Notícia no Ato

Silvio: o homem de fé e a sua marca literal de amor a Jesus no alto da cruz da capelinha

“Paz e Bem”. Com as palavras abençoadas ditas por Frei Silvério em suas aparições e pelo rádio, o servidor público manifesta seu desejo para Lages se tornar uma cidade cada vez mais progredida e amada por quem nela vive

Aquele senhor no alto do Morro da Cruz, de uniforme azul com barba e cabelos grisalhos, tem as mãos sofridas de trabalhador e um orgulho que não cabe no peito, supera qualquer dor física da labuta diária. De pouca prosa, mas objetiva e coesa, e uma memória de dar gosto, Silvio Pereira Motta, cerritense de nascença e lageano de coração, teve um dia especial na sua vida nesta semana. Ele era um daqueles quatro operários que construíram cada parte da capelinha do simbólico Morro da Cruz e a estrutura da Santa Cruz 19 anos atrás, marco da fé fervorosa de católicos ao longo das celebrações da Semana Santa, data em que as mentes e as vozes se silenciam em reflexão à Paixão e Morte de Jesus Cristo.

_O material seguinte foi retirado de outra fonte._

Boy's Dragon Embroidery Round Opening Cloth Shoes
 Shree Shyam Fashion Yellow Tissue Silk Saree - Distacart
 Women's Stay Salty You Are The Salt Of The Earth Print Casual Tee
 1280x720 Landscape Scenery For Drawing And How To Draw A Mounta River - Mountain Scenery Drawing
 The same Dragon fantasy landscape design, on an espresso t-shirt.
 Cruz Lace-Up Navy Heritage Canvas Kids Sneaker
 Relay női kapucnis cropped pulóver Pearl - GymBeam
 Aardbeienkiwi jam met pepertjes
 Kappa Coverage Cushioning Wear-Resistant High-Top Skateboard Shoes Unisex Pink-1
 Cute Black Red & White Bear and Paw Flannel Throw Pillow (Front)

Silvio, em um dia da operação especial de restaurações dos locais para recepção dos fiéis da Sexta-Feira Santa, 19 de abril, se deparou com uma grata surpresa, ao subir os degraus da escada de serviço e andar cuidadosamente pela cobertura da capela (que este ano ganhou uma cor mais clara, a branca), acessou a cruz ao centro e visualizou a assinatura feita em 2000 na conclusão das obras do complexo religioso mais visitado de Lages: um costume seu é deixar seu nome escrito em seus feitos e lá estava, praticamente intacta, feita com um pedaço de madeira: SILVIO 2000.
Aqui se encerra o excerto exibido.